Réfugiés de Somalie: frontière Kenya. (c) Philippe Rochot. L’Europe affolée, médusée semble découvrir aujourd’hui cette cohorte d’hommes et de femmes épuisés, démunis, en quête d’un refuge et d’une nouvelle patrie. Mais ce spectacle Jean-Paul Mari l’observe depuis plusieurs décennies. L’auteur a gardé en tête la tragédie des « boat people » vietnamiens fuyant le régime communiste à bord de ces coquilles de noix portées par les courants en mer de Chine. Rapatrié d’Algérie quand il était adolescent, il a gardé intact le souvenir de ces pages de vie et d’histoire qui se tournent quand le navire de l’exode traverse la méditerranée. “Mare nostrum”, notre mer, cette mer qui nous unit et nous divise aussi, qui nous renvoie au visage les conflits que nous n’avons pas su régler : Libye, Syrie, Liban, Palestine. Plus loin encore l’Afghanistan, ou encore l’Eyrthrée où la dictature pousse les gens au désespoir sur les pistes du nord : la fuite vers le Soudan, vers Israël, vers l’Egypte. Jean-Paul mari fait partie des premiers journalistes à nous avoir révélé le sort réservé aux Erythréens qui fuient leur pays, devenus otages de ces bédouins du Sinaï qui exigent des rançons à des familles sans le sou et pour mieux se faire entendre torturent leurs captifs devant le micro d’un téléphone portable.

Migrants: photo de Massimo Sestini, Prix Worldpress2015.
« Dante n’avait rien vu » aurait dit Albert Londres. Et cela l’auteur des « bateaux ivres » veut le montrer, le raconter. Témoignages poignants recueillis en Turquie, en Grèce, en Italie, à Calais, scènes d’exodes déchirantes, marches dans les montagnes kurdes, nuits d’angoisse sur des bateaux surchargés qui s’égarent ou se laissent emporter par les courants. Bateaux ivres, passagers condamnés, récits incroyables des épreuves endurées. « Ils s’en vont en brûlant leur terre natale, écrit l’auteur, vendent leur maison, leur vélo, leur champ qui les nourrissait, mal peut-être mais quand-même ! Ils empruntent tellement d’argent pour payer le voyage et les passeurs qu’ils sont endettés à vie, eux et leur famille. »

Somalie: réfugiés. (c) Ph Rochot.
Chaque migrant, chaque réfugié est porteur d’une histoire.

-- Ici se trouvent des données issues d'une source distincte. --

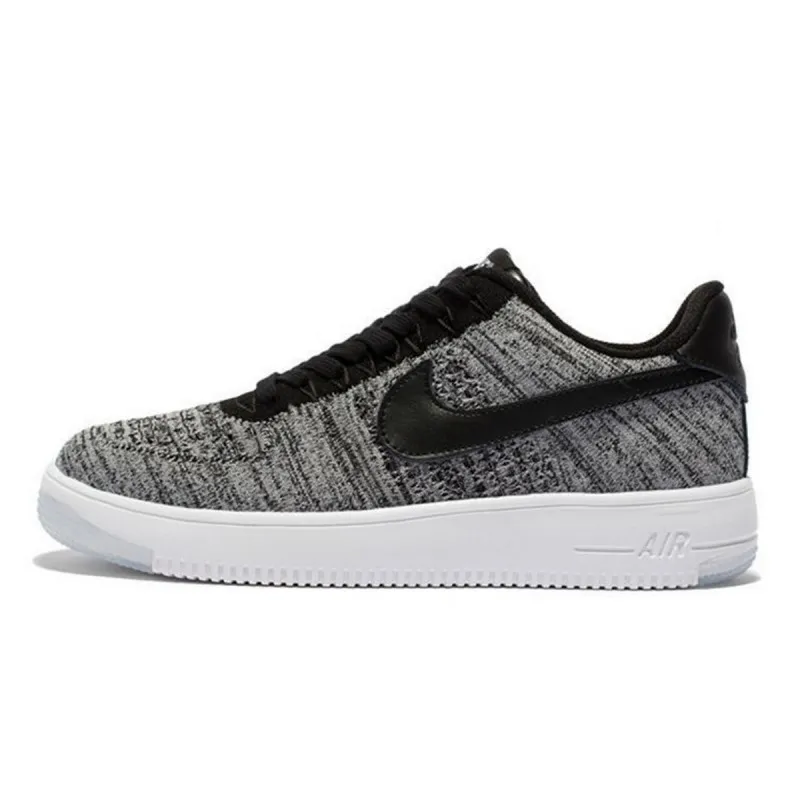 Nike NIKE AF1 ULTRA FLYKNIT MID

Il y a Robiel, « migrant érythréen en route depuis cinq ans, qui a échappé à la dictature de son pays, franchi à pied les déserts d’Afrique, traversé la mer jusqu’à Lampedusa, remonté toute l’Europe… pour mourir à Calais, noyé dans ce port français, à cent mètres d’un ferry qui allait l’emmener vers les côtes d’Angleterre ». Il y a la tragédie de ces 78 clandestins partis de Libye sur un bateau pourri, sans guide, sans passeur, sans GPS, sans capitaine, juste avec le geste d’un trafiquant resté au port et qui leur a dit : « la Sicile, c’est par là »… Le navire va errer pendant 23 jours. Les passagers sont tous Erythréens. Ils meurent les uns après les autres. Cinq survivants seulement, rejetés par les cargos, les pêcheurs, les garde-côtes. Séquence désespoir : « un chalutier s’approche, des marins leur jettent un bidon de dix litres d’eau, du pain trop dur pour leurs gencives et un bocal en verre de confiture qui se brise en morceaux. Et ils s’en vont. »

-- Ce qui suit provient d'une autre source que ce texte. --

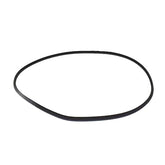 US 51727278503 51727182270 Windproof Seal Weather Strip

Migrants à Calais: 2014. Photo Amnesty.org.
Mais certains ont un cœur. L’auteur nous fait l’éloge des « justes de Lampedusa », ceux qui aident, donnent, prêtent, se mobilisent. Il cite l’exemple d’un village de Calabre, Acquafarmosa qui allait mourir mais qui retrouve vie avec l’arrivée des migrants et devient un modèle de cohabitation entre réfugiés et populations locales. Chacun face à l’épreuve montre ce qu’il a dans les tripes, migrants tout comme pays d’accueil. Les Grecs ? Plutôt débordés : «Athènes est un laboratoire à ciel ouvert dit l’auteur, l’expérience catastrophique d’un pays en crise qui voit s’agglutiner la foule des exilés sans leur offrir d’issue.150 000 migrants franchissent chaque année les frontières maritimes ou terrestres de la Grèce. Sans pouvoir en repartir…11 millions d’habitants, 4 millions d’immigrants, un million de clandestins : la Grèce étouffe. » Les Turcs ? Ils mènent un jeu habile. « La Turquie voisine, toujours prête à agacer l’Europe a laissé passer tous ceux qui peuvent déranger la Grèce, mais leur ferme la porte du retour. Avec un chantage à la clé : « supprimez l’obligation de visa pour les Turcs en Europe et… nous ne laisserons plus passer les migrants ». Et pendant ce temps, des gens souffrent, meurent. Impossible de décrire tous ces calvaires, d’intégrer la souffrance des autres.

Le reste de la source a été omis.